═══ Supplied information ═══
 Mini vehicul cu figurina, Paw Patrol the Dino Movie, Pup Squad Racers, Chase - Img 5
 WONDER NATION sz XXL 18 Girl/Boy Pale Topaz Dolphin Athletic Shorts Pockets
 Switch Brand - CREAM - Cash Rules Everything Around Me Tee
═══
═══ Supplied information ═══
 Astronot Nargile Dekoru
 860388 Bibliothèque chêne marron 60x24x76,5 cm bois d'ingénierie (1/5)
═══
Look above for the line that contains "Mini vehicul cu". Starting there, transcribe every line exactly until you have copied the line that contains "Switch Brand - CREAM".

Task result:
 Mini vehicul cu figurina, Paw Patrol the Dino Movie, Pup Squad Racers, Chase - Img 5
 WONDER NATION sz XXL 18 Girl/Boy Pale Topaz Dolphin Athletic Shorts Pockets
 Switch Brand - CREAM - Cash Rules Everything Around Me Tee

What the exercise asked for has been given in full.